I gotta say that the more passionately you show your pleasure from a thing, the more likely he is going to want to do it again to you.


----------



## TiggyBlue (Jul 29, 2012)

Buy hims some clamps of his own, he just might not want to share


----------



## diwali123 (Feb 17, 2012)

I've heard pegging works.


----------



## LanieB (Jan 22, 2013)

He was YELLING at you?! Where was his gag, Annie? The gag is crucial!
_Posted via Mobile Device_


----------



## LanieB (Jan 22, 2013)

diwali123 said:


> I've heard pegging works.


I like the way you think, Diwali!
_Posted via Mobile Device_


----------



## AnnieAsh (Aug 22, 2012)

The ball gag, I totally forgot! He's even boxed up all my Domme stuff and hidden it. Why?


----------



## diwali123 (Feb 17, 2012)

He is obviously a homosexual.


----------



## TiggyBlue (Jul 29, 2012)

AnnieAsh said:


> The ball gag, I totally forgot! He's even boxed up all my Domme stuff and hidden it. Why?

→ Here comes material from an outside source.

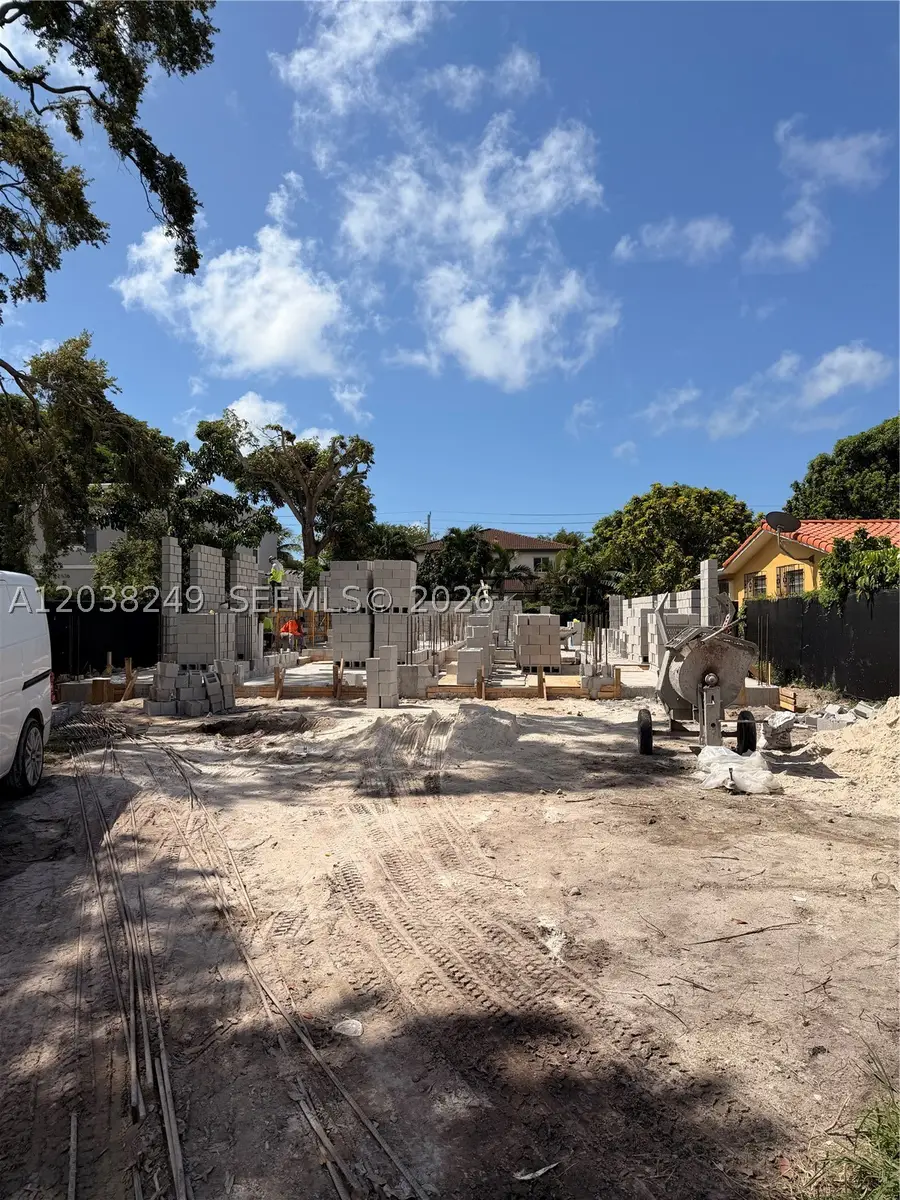 2544 SW 17th, Miami, FL 33145 - #2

He wants it all himself, to be honest he sound's really selfish.


----------



## TiggyBlue (Jul 29, 2012)

Do you meet his emotional needs?


----------



## LanieB (Jan 22, 2013)

I think he needs to read Her Needs Her Needs!
_Posted via Mobile Device_


----------



## AnnieAsh (Aug 22, 2012)

I tell him what his needs are but he doesn't listen.


----------



## TiggyBlue (Jul 29, 2012)

AnnieAsh said:


> I tell him what his needs are but he doesn't listen.


Massive communications problem then, irony is with the nipple clamps on and ball gag in place he would be open to listening.


----------



## LanieB (Jan 22, 2013)

TiggyBlue said:


> Massive communications problem then, irony is with the nipple clamps on and ball gag in place he would be open to listening.


This could solve so many marital problems.
_Posted via Mobile Device_


----------



## AnnieAsh (Aug 22, 2012)

TiggyBlue said:


> Massive communications problem then, irony is with the nipple clamps on and ball gag in place he would be open to listening.


He'd definitely be more malleable and happy. I'm the alpha in the relationship but he doesn't realize that makes him the beta.


----------



## diwali123 (Feb 17, 2012)

Have you ever found white stuff in his underwear?


----------



## TiggyBlue (Jul 29, 2012)

diwali123 said:


> Have you ever found white stuff in his underwear?


YES, talcum powder could be a clue.


----------



## LanieB (Jan 22, 2013)

diwali123 said:


> Have you ever found white stuff in his underwear?


Or worse - BROWN stuff??
_Posted via Mobile Device_


----------



## AnnieAsh (Aug 22, 2012)

Omg, yes! My red leather corset had powder in it that I KNOW I didn't put in there. It was lilac scented and I only use hyacinth. And then my matching bloomers had stains!


----------



## diwali123 (Feb 17, 2012)

Wait, was this an arranged marriage? Did you read Fifty Shades after turning 30?


----------



## AnnieAsh (Aug 22, 2012)

diwali123 said:


> Wait, was this an arranged marriage? Did you read Fifty Shades after turning 30?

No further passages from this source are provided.